N’en déplaise aux localistes et autres locavores de tout poil, je trouve intéressant de m’arrêter le temps d’une chronique sur le riz, qu’on a commencé à cultiver quelque part dans la province du Hunnan (Chine), il y a 10 000 ans, avant qu’il n’apparaisse peu après sur les rives du Gange, de l’autre côté de l’Himalaya. Ca ne pousse pas dans la Beauce, ni sur les collines de l’Artois, mais je suis amoureux des paysages que Oryza sativa (nom savant du plant de riz) engendre, et des précieux grains qu’il permet de récolter.

L’historien Fernand Braudel s’est beaucoup intéressé à la “civilisation du riz” de l’Asie, en miroir de notre “civilisation du blé” d’Europe (celle qui va de l’Atlantique à l’Oural) et d’Amérique du nord, ainsi que de la “civilisation du maïs” plutôt située en Amérique du Sud.
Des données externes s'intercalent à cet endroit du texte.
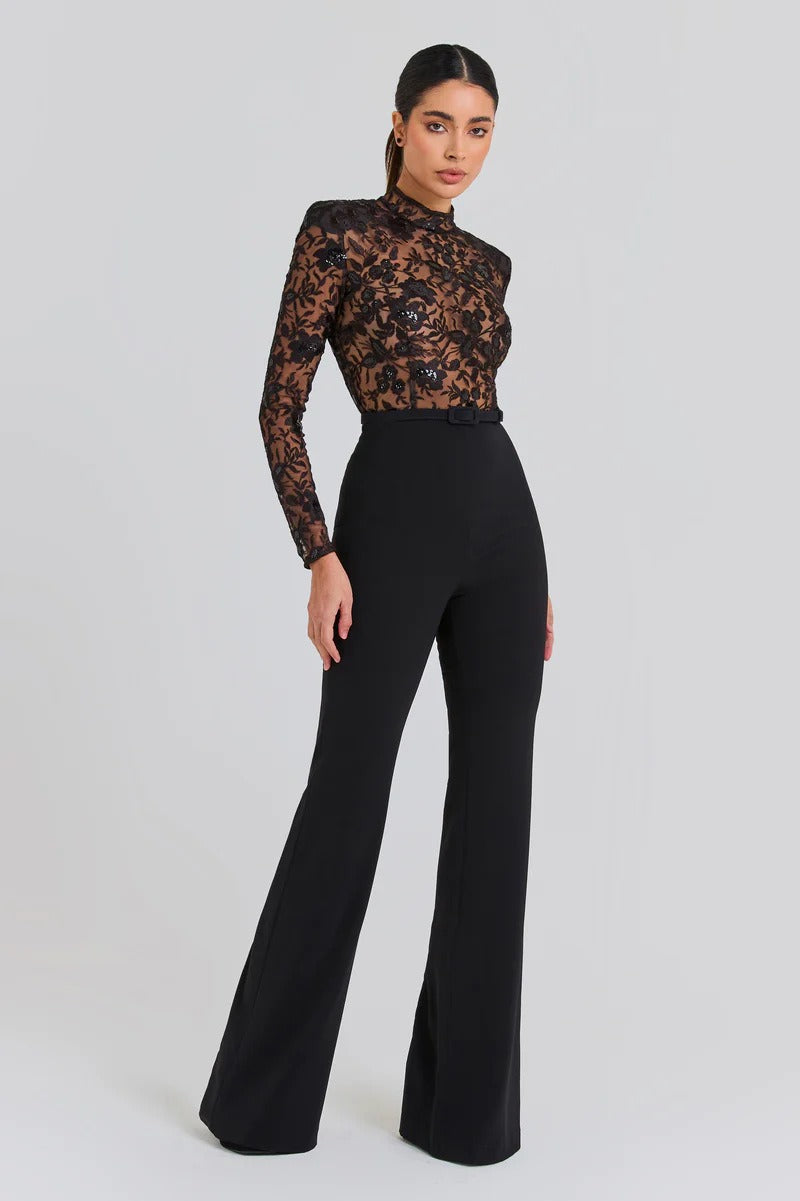 European and American sexy fashion see-through lace bandage long-sleeved trousers women's jumpsuit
Le blé et le riz se disputent aujourd’hui la suprématie dans l’alimentation humaine, le blé semblant disposer d’un avantage particulièrement appréciable en ces temps de dérèglement climatique : il est beaucoup moins gourmand en eau, même s’il se rattrape avec les tonnes d’engrais et de traitements chimiques qu’on lui balance pour assurer de belles récoltes.
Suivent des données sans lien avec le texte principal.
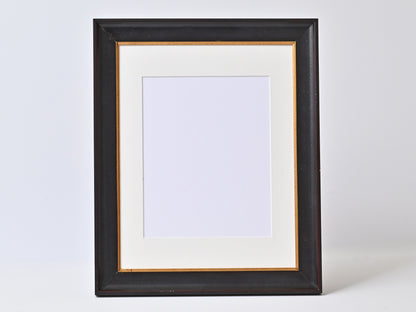 Pockmarked Black Frame, With Brown Undertones and Distressed Gold Lip  11"X14" ONE ONLY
Braudel explique que pour sa part, le riz ne nécessite pas de jachère. La terre ne doit donc pas se reposer, et la culture du riz nécessite moins de force. Un hectare de riz permet de nourrir 6 à 8 personnes, avec essentiellement des moyens humains. Mais cette culture suppose un important réseau de drainage et d’irrigation qui modèle le paysage. L’historien explique ainsi une plus grande permanence de la civilisation asiatique et une plus forte propension à l’immuabilité, ce qui peut être vu comme une force, mais aussi sa faiblesse.
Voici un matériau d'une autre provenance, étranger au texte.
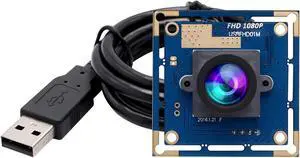 ELP 1080P USB Security Camera Module High Speed 2megapixel HD Free Driver USB with Camera Wide Angle PC Camera Raspberry Pi Developing Board Mini UVC USB2.0 Industrial Video Webcam Board for Computer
Il existe évidemment une grande variété de riz cultivés, sans compter les riz sauvages qu’on trouve par exemple au Canada.
On distinguera pour faire simple le riz rond et le riz long. Le riz long ne colle pas : basmati, thaï, surinam, il est donc privilégié pour les salades, ou en accompagnement. Plus le grain est rond, plus il a tendance à coller, ce qui est avantageux pour tous ceux qui utilisent des baguettes pour se nourrir…
Le riz cultivé est présent en Europe depuis le XIIIe siècle, en Italie, en Espagne, et en Camargue.
Un sushi au maquereau

Oui, je sais, le sushi n’a rien d’occidental. C’est vraiment un plat emblématique de la “civilisation du riz”. Mais c’est vraiment très bon, et sa seule évocation nous conduit en Asie. Et plutôt que le saumon surexploité dans toutes les mers du monde, généralement élevé dans des conditions pas forcément ragoutantes, je vous propose aujourd’hui le maquereau, particulièrement économique et à la robe tellement seyante…
Commençons par le riz. Les Japonais utilisent bien évidemment un riz rond (“Japonica Oryza sativa”). Il est lavé plusieurs fois avant cuisson pour éliminer un peu d’amidon. Il est cuit dans un cuiseur à riz, espèce de cocotte minute, mais une casserole à fond épais fera tout à fait l’affaire. On démarre à froid, on couvre et on amène lentement à ébullition sans ôter le couvercle. Les Japonais ajoutent un morceau de kombu, une algue séchée qu’on trouve aisément en France. On laisse bouillir 5 minutes et on continue ensuite 10 minutes, à feu très doux, puis on laisse reposer 10 minutes hors du feu, avec le couvercle.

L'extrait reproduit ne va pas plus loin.